The first well documented content search engine was named Archie and was introduced on September 10 1990. It was a tool for indexing FTP (file transfer protocol) archives and allowed its users to find specific files of interest. Archie was created by Alan Emtage, Bill Heelan and J. Peter Deutsch while they were computer science students at McGill University in Montreal, Canada. The program created a searchable database of file names by downloading the directory listings of all files located on public anonymous FTP sites.
In 1991, Gopher was created by Mark McCahill of the University of Minnesota. Gopher was a TCP/IP application layer protocol. It was a highly structured alternative to the World Wide Web but was quickly surpassed by the http protocol. Gopher maintained a structured hierarchy of information that paved the way for the early search engines “Veronica” and “Jughead”. However, as of 1993 there still was no search engine for the World Wide Web, which operated on the http protocol. The primary method of exploring the public content of the web at this time was through manually maintained lists of web resources. On September 2, 1993, Oscar Nierstrasz of the University of Geneva released a program written in Perl that scanned existing manually curated lists of websites and rewrote them into a standard format. The program, named W3Catalog, did not meet all three criterion to be defined as a search engine but clearly paved the way. W3Catelog is now known as the web’s first “primitive” search engine.
In June 1993, the first web robot was released. Created by Matthew Gray of MIT, the program was called the World Wide Web Wanderer and was built with the purpose of measuring the size of the web. The index of sites that the program created was called “Wandex” but since these files were not searchable it cannot be considered a search engine. There are rumors that Gray now works for Google.

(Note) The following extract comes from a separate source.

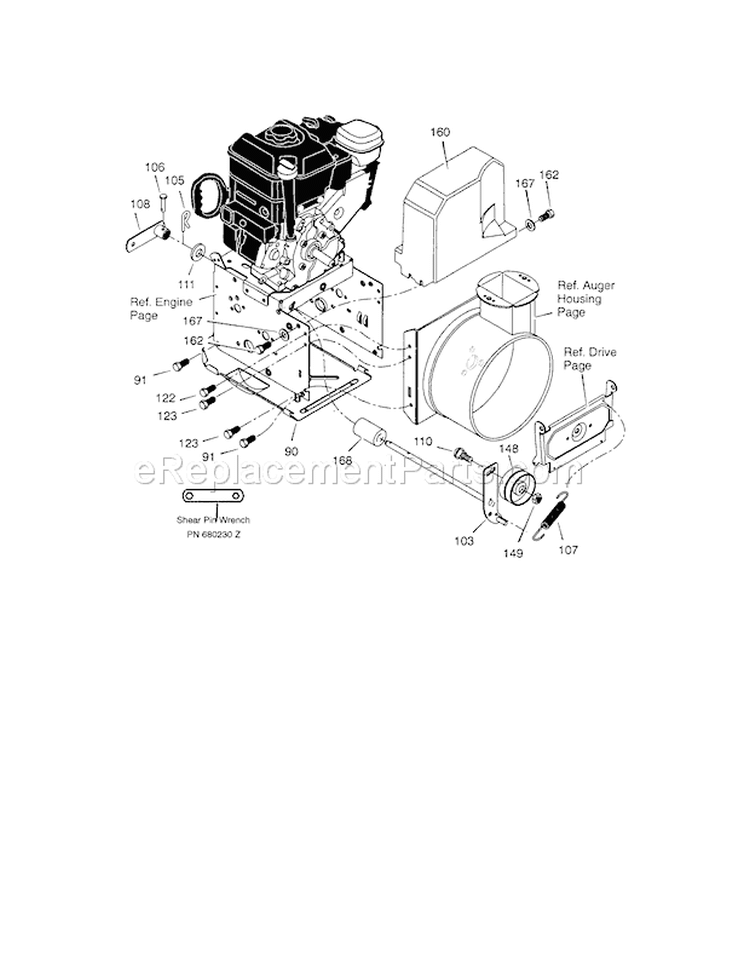 Frame Diagram and Parts List for 536881750  Craftsman Snow Blower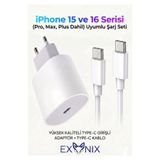 Exonix 25W (Watt) iPhone Uyumlu Hızlı Şarj Adaptörü + Kablo Iphone 15 Iphone 16 Pro Max Plus Uyumlu Beyaz Hızlı Şarj Aleti Seti Type-C To Type-C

JumpStation was created in December 1993 by Jonathon Fletcher and was likely the first search engine to use a web robot to index the internet. JumpStation included a build in web form for querying websites and thus became the first tool that met the three features of a web search engine (crawling, indexing, and searching). Due to resource limitations of the hardware that JumpStation operated on, its index stored only titles and headings of the webpages it discovered.
The convenience of searching for a query term across the full-text of indexed webpages was first introduced in 1994 with the launch of a new search engine called WebCrawler. The popularity and effectiveness of WebCrawler’s full-text search marked the beginning of the search engine craze- a period of time that we are still living in today. Between the years of 1994 and 1996, a variety of full-text search engines became available on the web including Magellan, Excite, Infoseek, Inktomi, Northern Light, and AltaVista.
RankDex was developed by Robin Li of IDD Information Systems. This search engine was the first to explore site-scoring page ranking methods similar to those used by today’s complex search engines such as Google. Patents for the RankDex search methods were obtained in 1999 and were eventually used to launch the Chinese company Baidu in 2000. As of early 2017, Baidu is the 4th most trafficked website according to the Alexa Internet rankings.
The seeds for the single most popular website of all time were planted in 1998 with the publication of two landmark research papers by Sergey Brin and Lawrence Page. These papers, entitled “The Anatomy of a Large-Scale Hypertextual Web Search Engine” and “The PageRank Citation Ranking: Bringing Order to the Web” described a search engine named Google.